Rank This US News: Best/Worst Fed Jobs
Since the stimulus package kicked into action, the federal government has been hiring at unprecedented rates. But if you're job-hunting and you think that office culture is uniform across all agencies and departments, think again.
Enter BestPlacesToWork.org. This ranking system uses ten categories including "effective leadership, employee skills/mission match and work/life balance" to rate the best and worst federal employers. Granted, none of them have Google's perks (or do they?), but some departments' worker satisfaction is pretty darn high.
1. Nuclear Regulatory Commission
It's great to work here because: A. You have the power to save (or destroy) the world, B. you get to work in places like Area 51, and C. nobody messes with you.
2. Government Accountability Office
It's great to work here because: A. You get to tell other people how to do their jobs, B. you are fulfilled because when you talk, Congress listens, and C. your colleagues are a bunch of accountants without the power trips of political appointees.
3. National Aeronautics and Space Administration
It's great to work here because: A. It's a science-fiction nerd's fantasyland, B. you get to re-enact scenes from Apollo 13 during lunch time, and C. the sky's the limit (literally).
28. Department of Homeland Security
Problem: If you had to put old ladies' shoes through an x-ray machine 42 times a day, you'd be miserable too.

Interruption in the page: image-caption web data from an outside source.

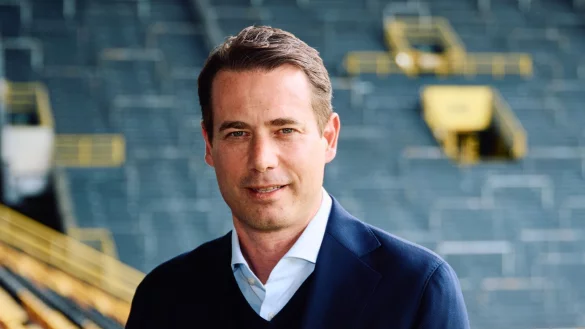 Lars Ricken steht nach einer Pressekonferenz von Borussia Dortmund auf der Trib&uuml;ne. - &copy; Bernd Thissen/dpa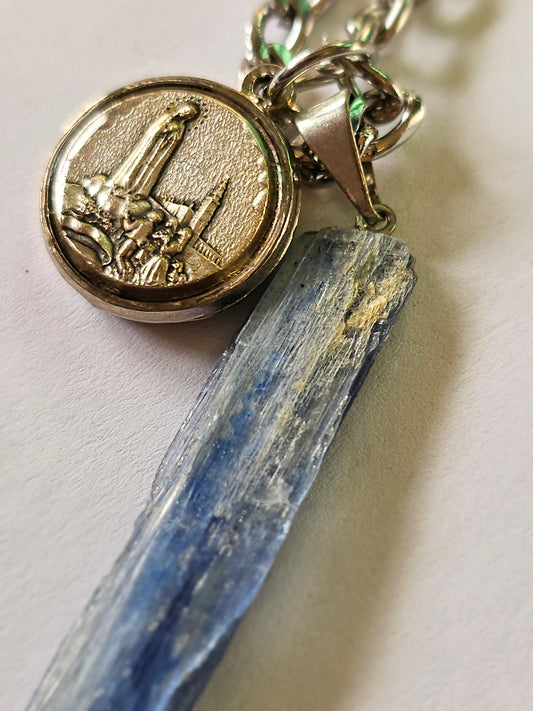 Colar com São Miguel Arcanjo, Fátima e Cianite Azul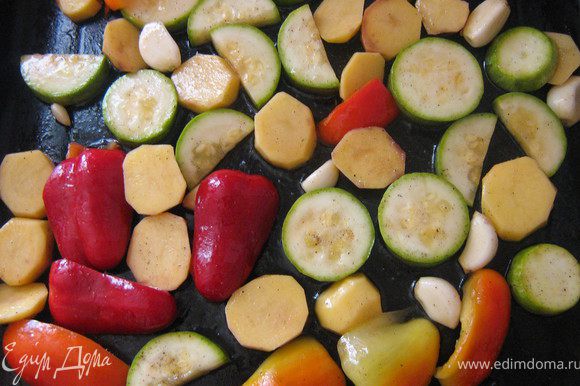Перец, кабачки и картофель вымыть,перец и картофель очистить,нарезать овощи произвольно. Положить овощи на противень, сбрызнуть оливковым маслом, посолить и поперчить. Запекать вместе с крем-брюле из тыквы.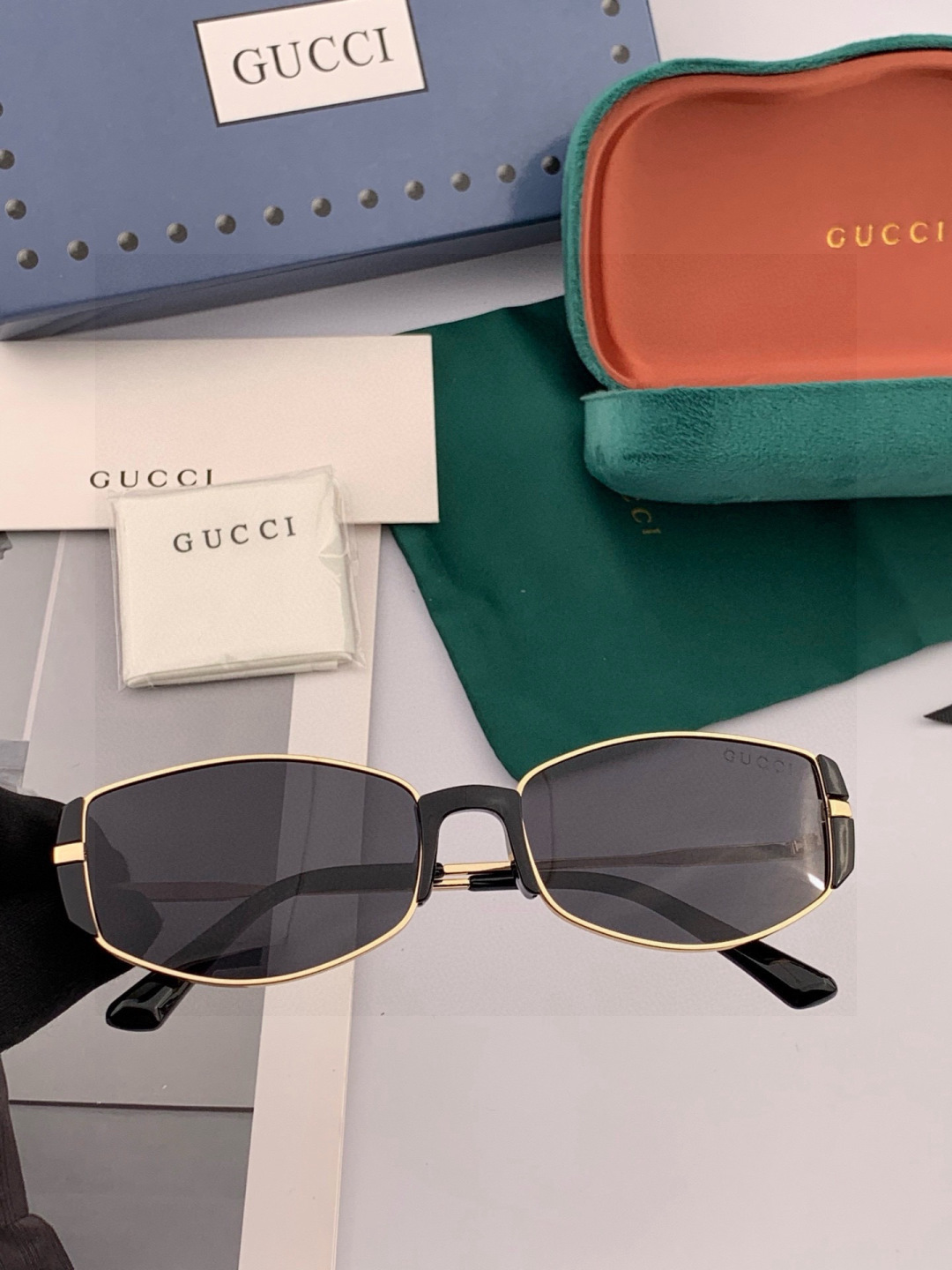 🔺 Gucci 🔻2025官方新款 众多明星同款[色]‼️‼️新款大框偏光墨镜 🌈🌈宝丽来超清加厚太阳镜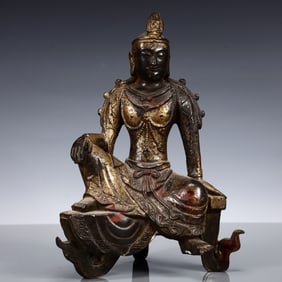 A Solemn Gilt Bronze Statue of Avalokitesvara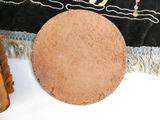 une photo montrant un morceau de tissu et un objet en bois posés sur une table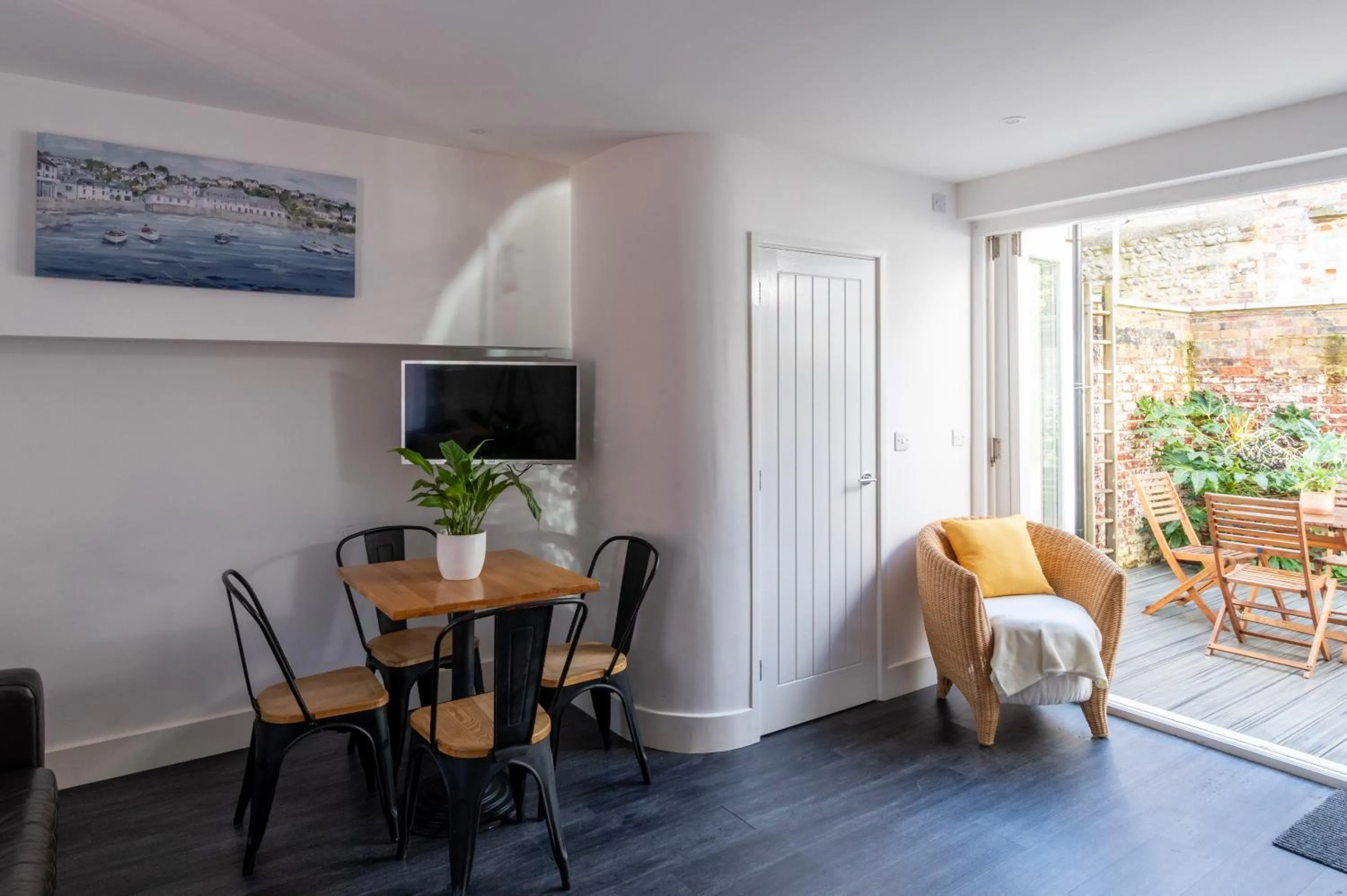 Living room in King's Head Cottage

Possible Solution: Maybe those new whole-body image scanners will be more visually appealing.
29. National Archives and Records Administration
Problem: Ever since Sandy Berger walked out with an armload of uber-classified documents, its reputation has gone downhill.
Possible Solution: A newly found letter from Abe Lincoln will give the Archives a second chance to prove that it can properly secure important documents.
30. Department of Transportation
Problem: There are so many to mention. Air traffic control methods are antiquated, America's railways are pathetic, and GM just went under.
Possible Solution: Build a shrine to Chelsey "Sully" Sullenberger.